Monday, December 21st, 2009

San Francisco’s recent audit of office materials supplier Office Depot has prompted City Attorney Dennis J. Herrera to take action today. See the deets below and the .pdf after the jump.

And follow all the action on the Twitter.

San Francisco’s Happy Warrior certainly is unhappy with the Office Depot today.

Herrera Issues Demand Letter to Office Depot in Wake of S.F. Controller’s Audit

City Attorney prepared to ‘vigorously pursue’ $5.75 million in overcharges plus interest, costs and attorney’s fees

City Attorney Dennis Herrera has issued a demand letter to Office Depot expressing his intention to “vigorously pursue” at least $5.75 million in overcharges together with interest, attorney’s fees, and costs incurred by the City in conducting the audit. The demand letter follows the release of an exhaustive audit report by the Office of City Controller Ben Rosenfield. The Controller’s 96-page audit concluded that, among other overcharges, the Boca Raton, Fla.-based office products supplier failed to provide the City with contractually mandated discounts for items covered by the 5-year contract, which was valued at some $18 million.
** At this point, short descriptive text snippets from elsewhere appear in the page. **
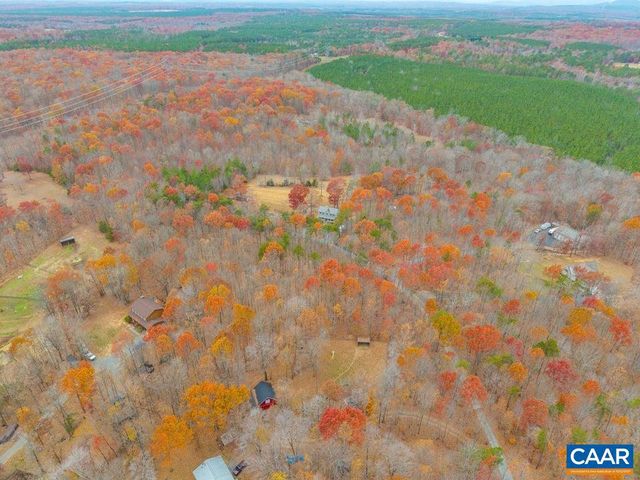 2615 DUCKS LAKE RIDGE RD, Scottsville, VA 24590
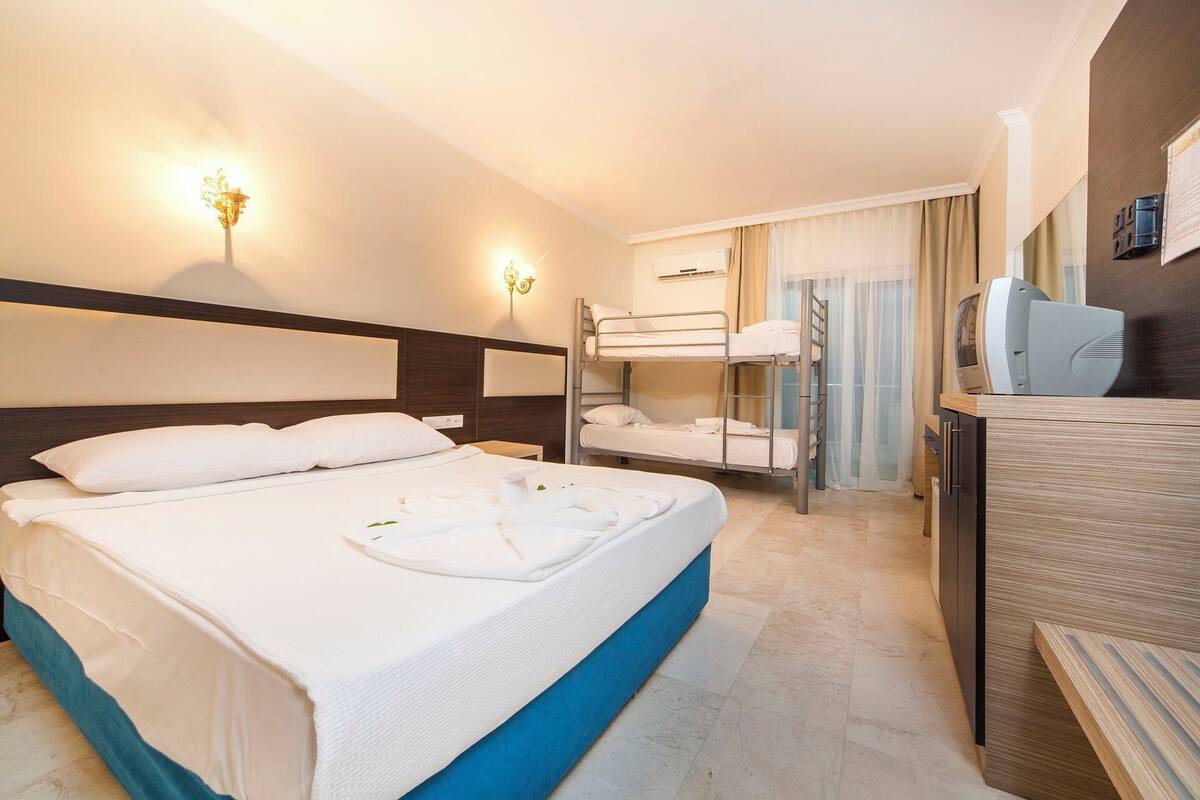 1 bedroom, soundproofing, cribs (free), WiFi (free)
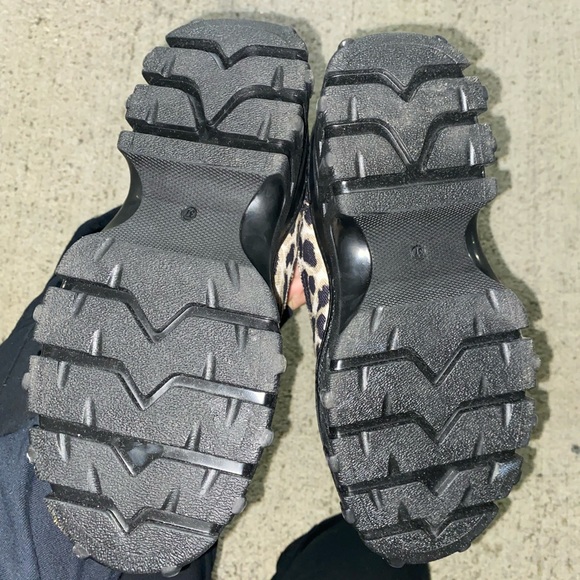 MSGM Leopard Workout Shoes - Picture 5 of 5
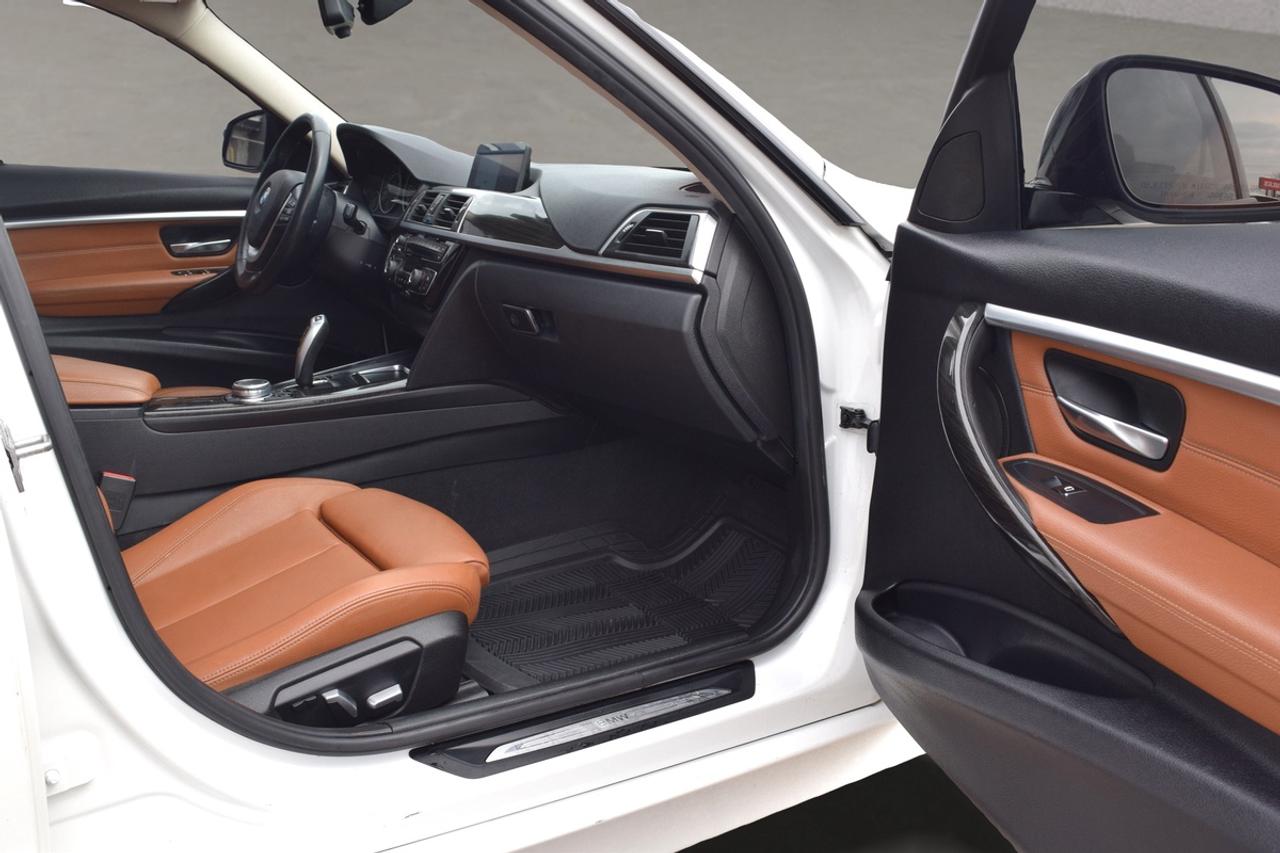 2017 BMW 3 Series 320i xDrive Sport Line Navigation Photo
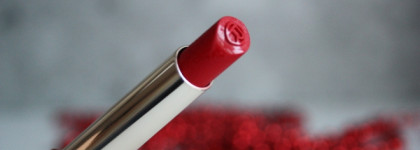 Лучшая бюджетная красная матовая помада: L'Oreal Color Riche Intense Volume Matte 346 Le Rouge Determination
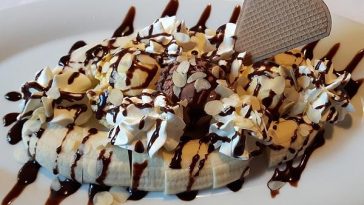 Hot Brownie with Vanilla Ice Cream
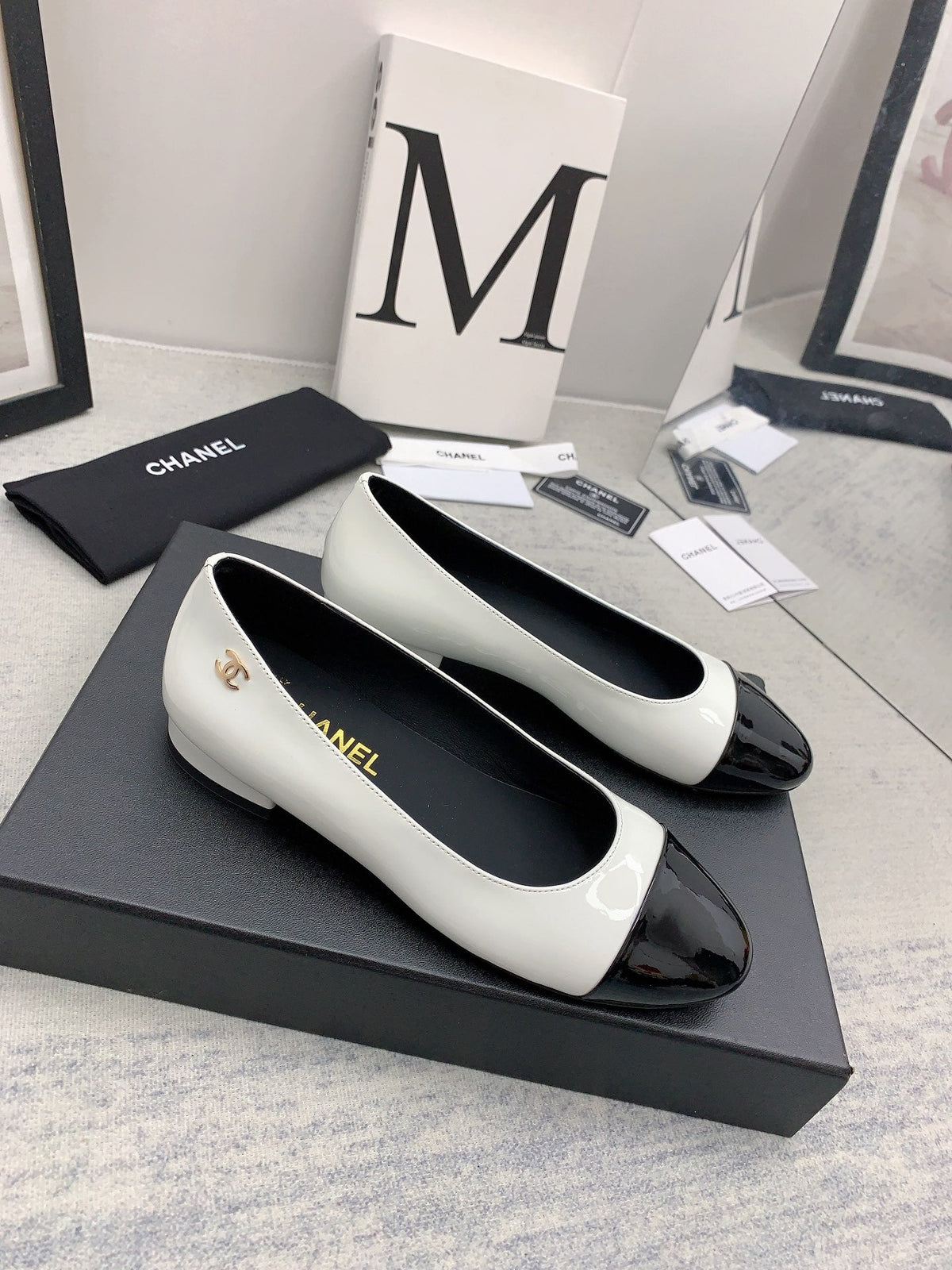 CC 26s Ballet Flats White Black Patent Leather 159944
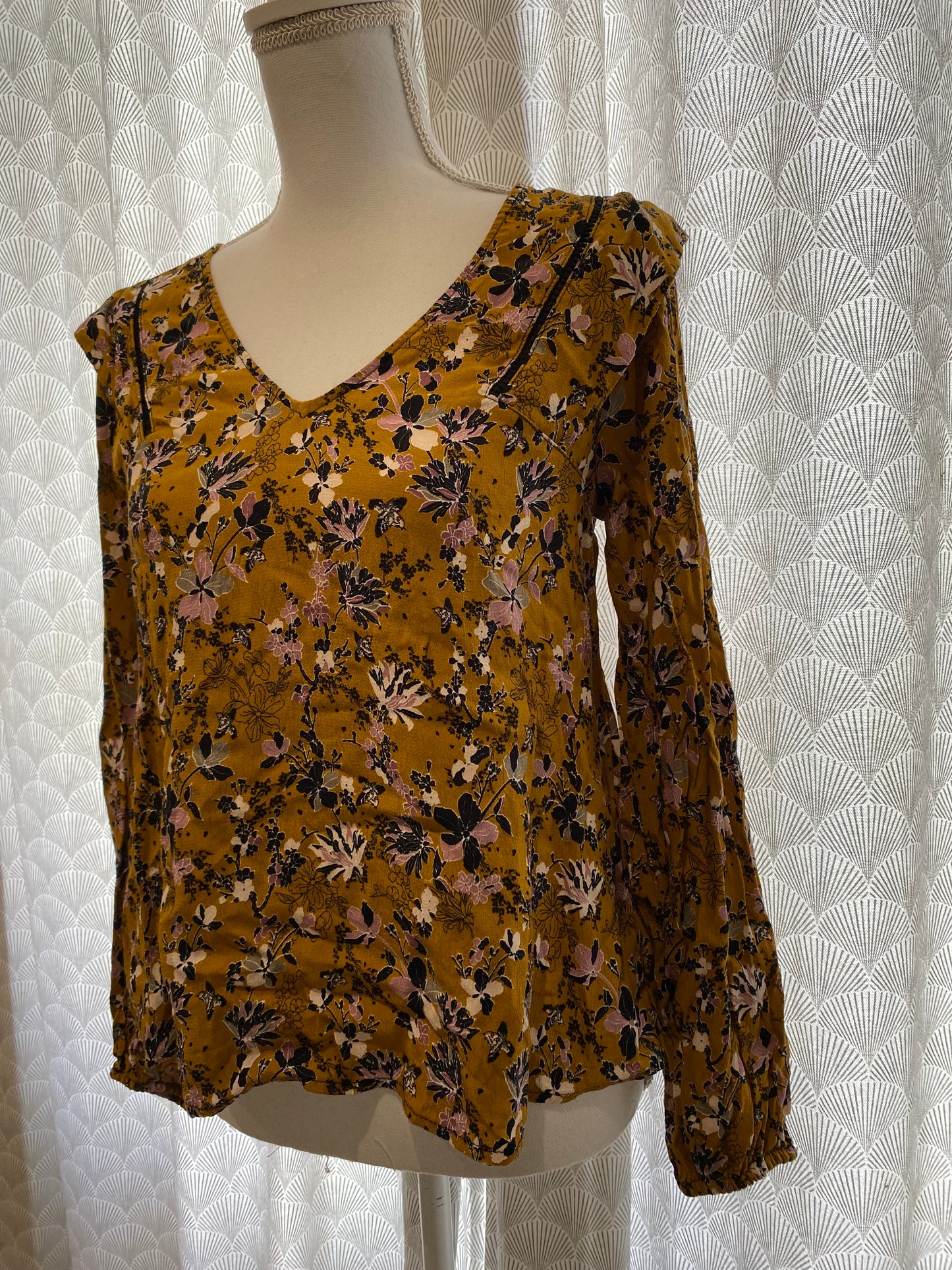 Blouse jaune motifs fleuris tons automnaux – Pimkie – 38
Wrote Herrera: “Any resolution of this matter must include compensation to the City for the costs of the audit, and for attorney’s fees, as well as full reimbursement for price overcharges, with interest…If the City is unable to obtain a satisfactory informal resolution of this matter, I will not hesitate to pursue the matter in court. Further, if court action becomes necessary, rest assured that my office will vigorously pursue the City’s claims to the fullest, including seeking civil penalties and debarment, if appropriate.”